Friday, October 01, 2021

ベ平連(Beheiren)ー日本のベトナム反戦運動(1)

   日本でのベトナム反戦運動に関連する論文を三本、また書籍を一冊読んだ1,2,3,4。これら論文のうち一本は、主に「アンポ神戸社」が保管していた当時の資料を一覧にしただけような内容で、反戦運動の内容を分析するものではなく、なぜこれが独立した論文なり得るのかと不思議である。本文が英語で書かれているわけではないのに、論文名を英訳して著者名はローマ字で記されていたりもする。日本人の英語好きの表れか。日本国内におけるベトナム戦争に対する対応のようなものにも言及されているかなと思って期待したが、いずれも、ベトナム戦争やそれへの日本の対応を俯瞰して書かれたものではなく、あくまで日本のベトナム反戦運動を切り取って扱ったものだった。

 ベトナム戦争については、その歴史研究や回想録、またそれを題材にした小説がアメリカには数多く存在するが、ベ平連によるものかどうかを問わず、日本のベトナム反戦運動がその一部であったことは、知る限り皆無である。日本政府の対応などというものについても触れられた例を知らない。研究者の立場ではまったくないが、ベトナム戦争関連の著作を数多くといっても差し支えない程度に読んできたが、日本人によるものを読むと同じ戦争について書かれたものなのだろうか、という気にさえなってしまう。どうも大きな違和感に直面してしまう。同じ戦争を題材にしているにもかかわらず、日本人による報道や研究と欧米人によるものが同じレール上にないように感じられてならない。現地で取材を行った新聞記者の回想録以外にベトナム戦争を感じさせることはなく、「ベトナム」という語を伏字にしても問題ないように思ったりする。記者による回想録でさえ、アメリカの新聞記者や雑誌記者だった人たちの回想録を読めば、違和感は相当なものである。 

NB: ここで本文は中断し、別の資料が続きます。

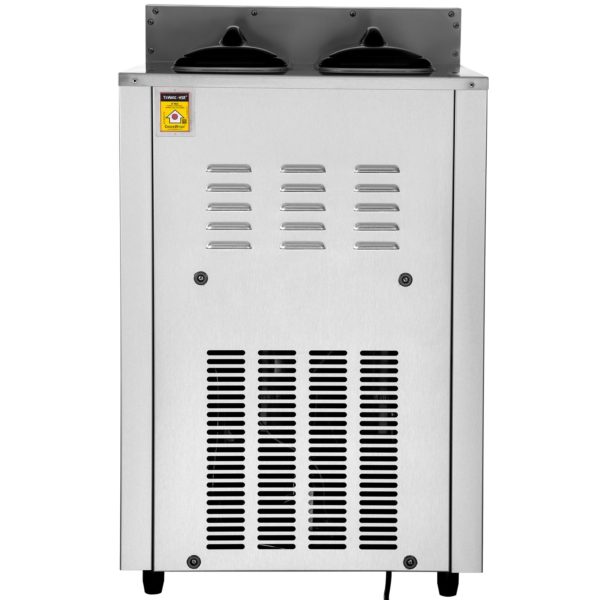 Výrobník Ľadovej Triešte S Dvoma Nádobami 2x8L 1800W Digitálny – Obrázok 6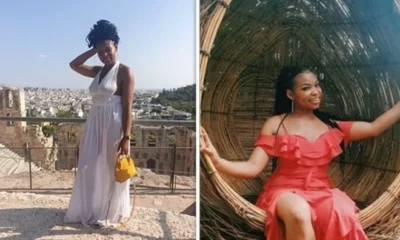 Британскую блогершу обвинили в демонстрации интимных частей тела в музее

 ベ平連、すなわち「ベトナムに平和を!市民連合」による最初のデモは一九六五年四月二十四日に開催され、七四年一月二十六日に解散集会が開かれている。ベ平連が組織されたきっかけとなったのは、アメリカ軍による「北爆」らしいが、『ベ平連とその時代』には北爆の開始が一九六五年二月七日だったと記されている。北ベトナム領内への攻撃は、この日以前にも、「34A」と呼ばれたラオス領内への秘密作戦において、操縦士だったタイ軍兵士がおそらく誤って北ベトナム領内を爆撃してしまったり、またトンキン湾事件のきっかけとなった湾内の二つの島に対する南ベトナム海軍による砲撃があったりした。北ベトナムに対する爆撃について、アメリカ政府上層部が戦略会議において全般的な合意に達したのは前年九月初旬のことである。一九六五年二月七日は解放戦線側による南ベトナム側高地のプレイクにあったアメリカ軍の軍事顧問施設とキャンプ・ハロウェイのヘリコプター基地への攻撃があった日であるが、その報復として、アメリカ海軍がすぐさま十七度線の四十マイル北にあるドンハイのゲリラ訓練基地を爆撃し(フレイミングダートⅠ作戦)、クイニョンのアメリカ軍兵舎への解放戦線による攻撃後の十一日にも報復の爆撃を行っている(フレイミングダートⅡ作戦)。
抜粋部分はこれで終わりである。